##### INPUT FOR THIS TASK
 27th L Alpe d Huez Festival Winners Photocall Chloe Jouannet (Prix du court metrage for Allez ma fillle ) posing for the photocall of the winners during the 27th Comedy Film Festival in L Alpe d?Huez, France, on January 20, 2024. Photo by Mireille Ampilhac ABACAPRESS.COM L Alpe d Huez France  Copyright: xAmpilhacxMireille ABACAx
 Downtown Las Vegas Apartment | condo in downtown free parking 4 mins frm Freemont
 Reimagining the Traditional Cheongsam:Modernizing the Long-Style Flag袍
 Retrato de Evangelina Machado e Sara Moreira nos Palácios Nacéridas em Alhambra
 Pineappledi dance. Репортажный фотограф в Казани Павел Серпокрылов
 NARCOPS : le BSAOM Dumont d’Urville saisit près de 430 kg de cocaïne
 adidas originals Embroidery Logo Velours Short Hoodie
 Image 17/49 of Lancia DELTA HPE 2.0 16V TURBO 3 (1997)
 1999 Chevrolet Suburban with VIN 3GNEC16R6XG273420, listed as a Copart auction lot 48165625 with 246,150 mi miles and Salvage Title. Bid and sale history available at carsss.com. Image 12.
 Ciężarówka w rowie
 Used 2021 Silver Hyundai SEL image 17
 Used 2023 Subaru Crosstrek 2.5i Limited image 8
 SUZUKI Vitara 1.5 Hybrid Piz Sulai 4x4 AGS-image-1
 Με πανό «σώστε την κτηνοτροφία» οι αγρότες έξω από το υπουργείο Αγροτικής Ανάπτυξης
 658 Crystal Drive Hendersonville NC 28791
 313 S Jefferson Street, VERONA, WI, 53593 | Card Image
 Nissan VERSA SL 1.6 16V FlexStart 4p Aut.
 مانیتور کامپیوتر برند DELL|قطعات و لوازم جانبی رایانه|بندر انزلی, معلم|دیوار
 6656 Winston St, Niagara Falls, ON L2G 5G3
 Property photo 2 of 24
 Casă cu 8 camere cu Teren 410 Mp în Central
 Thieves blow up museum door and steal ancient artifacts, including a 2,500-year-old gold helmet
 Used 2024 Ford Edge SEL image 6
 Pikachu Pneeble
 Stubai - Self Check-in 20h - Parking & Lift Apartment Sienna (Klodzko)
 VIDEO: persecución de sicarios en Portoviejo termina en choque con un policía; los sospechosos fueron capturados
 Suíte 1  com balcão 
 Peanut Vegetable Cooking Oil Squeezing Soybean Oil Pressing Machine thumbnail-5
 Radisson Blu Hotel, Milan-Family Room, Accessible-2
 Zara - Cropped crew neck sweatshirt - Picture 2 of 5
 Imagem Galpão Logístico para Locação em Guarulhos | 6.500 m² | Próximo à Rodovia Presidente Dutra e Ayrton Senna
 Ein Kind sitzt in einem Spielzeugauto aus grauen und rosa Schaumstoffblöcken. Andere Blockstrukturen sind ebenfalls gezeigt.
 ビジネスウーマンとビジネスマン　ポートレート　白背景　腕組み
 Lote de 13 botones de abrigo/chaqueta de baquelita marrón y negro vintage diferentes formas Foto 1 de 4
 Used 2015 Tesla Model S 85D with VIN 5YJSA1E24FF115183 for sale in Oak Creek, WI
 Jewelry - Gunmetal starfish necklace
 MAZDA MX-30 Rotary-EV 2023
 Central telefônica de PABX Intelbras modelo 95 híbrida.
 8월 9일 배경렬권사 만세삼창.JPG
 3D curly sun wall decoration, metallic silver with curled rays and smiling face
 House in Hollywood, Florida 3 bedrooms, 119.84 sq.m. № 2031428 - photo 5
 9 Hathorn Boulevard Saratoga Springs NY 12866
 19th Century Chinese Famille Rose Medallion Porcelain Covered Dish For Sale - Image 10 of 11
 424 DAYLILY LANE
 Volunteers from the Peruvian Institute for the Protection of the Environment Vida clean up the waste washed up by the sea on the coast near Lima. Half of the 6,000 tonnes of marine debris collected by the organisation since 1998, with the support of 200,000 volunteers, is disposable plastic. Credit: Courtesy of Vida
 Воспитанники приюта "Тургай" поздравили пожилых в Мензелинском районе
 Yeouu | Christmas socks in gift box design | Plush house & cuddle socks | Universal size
##########
» TASK TO CARRY OUT:
Exactly as written, repeat the lines from the start of the listing through the line containing "Imagem Galpão Logístico", both included.

» ANSWER TO THIS EXERCISE:
 27th L Alpe d Huez Festival Winners Photocall Chloe Jouannet (Prix du court metrage for Allez ma fillle ) posing for the photocall of the winners during the 27th Comedy Film Festival in L Alpe d?Huez, France, on January 20, 2024. Photo by Mireille Ampilhac ABACAPRESS.COM L Alpe d Huez France  Copyright: xAmpilhacxMireille ABACAx
 Downtown Las Vegas Apartment | condo in downtown free parking 4 mins frm Freemont
 Reimagining the Traditional Cheongsam:Modernizing the Long-Style Flag袍
 Retrato de Evangelina Machado e Sara Moreira nos Palácios Nacéridas em Alhambra
 Pineappledi dance. Репортажный фотограф в Казани Павел Серпокрылов
 NARCOPS : le BSAOM Dumont d’Urville saisit près de 430 kg de cocaïne
 adidas originals Embroidery Logo Velours Short Hoodie
 Image 17/49 of Lancia DELTA HPE 2.0 16V TURBO 3 (1997)
 1999 Chevrolet Suburban with VIN 3GNEC16R6XG273420, listed as a Copart auction lot 48165625 with 246,150 mi miles and Salvage Title. Bid and sale history available at carsss.com. Image 12.
 Ciężarówka w rowie
 Used 2021 Silver Hyundai SEL image 17
 Used 2023 Subaru Crosstrek 2.5i Limited image 8
 SUZUKI Vitara 1.5 Hybrid Piz Sulai 4x4 AGS-image-1
 Με πανό «σώστε την κτηνοτροφία» οι αγρότες έξω από το υπουργείο Αγροτικής Ανάπτυξης
 658 Crystal Drive Hendersonville NC 28791
 313 S Jefferson Street, VERONA, WI, 53593 | Card Image
 Nissan VERSA SL 1.6 16V FlexStart 4p Aut.
 مانیتور کامپیوتر برند DELL|قطعات و لوازم جانبی رایانه|بندر انزلی, معلم|دیوار
 6656 Winston St, Niagara Falls, ON L2G 5G3
 Property photo 2 of 24
 Casă cu 8 camere cu Teren 410 Mp în Central
 Thieves blow up museum door and steal ancient artifacts, including a 2,500-year-old gold helmet
 Used 2024 Ford Edge SEL image 6
 Pikachu Pneeble
 Stubai - Self Check-in 20h - Parking & Lift Apartment Sienna (Klodzko)
 VIDEO: persecución de sicarios en Portoviejo termina en choque con un policía; los sospechosos fueron capturados
 Suíte 1  com balcão 
 Peanut Vegetable Cooking Oil Squeezing Soybean Oil Pressing Machine thumbnail-5
 Radisson Blu Hotel, Milan-Family Room, Accessible-2
 Zara - Cropped crew neck sweatshirt - Picture 2 of 5
 Imagem Galpão Logístico para Locação em Guarulhos | 6.500 m² | Próximo à Rodovia Presidente Dutra e Ayrton Senna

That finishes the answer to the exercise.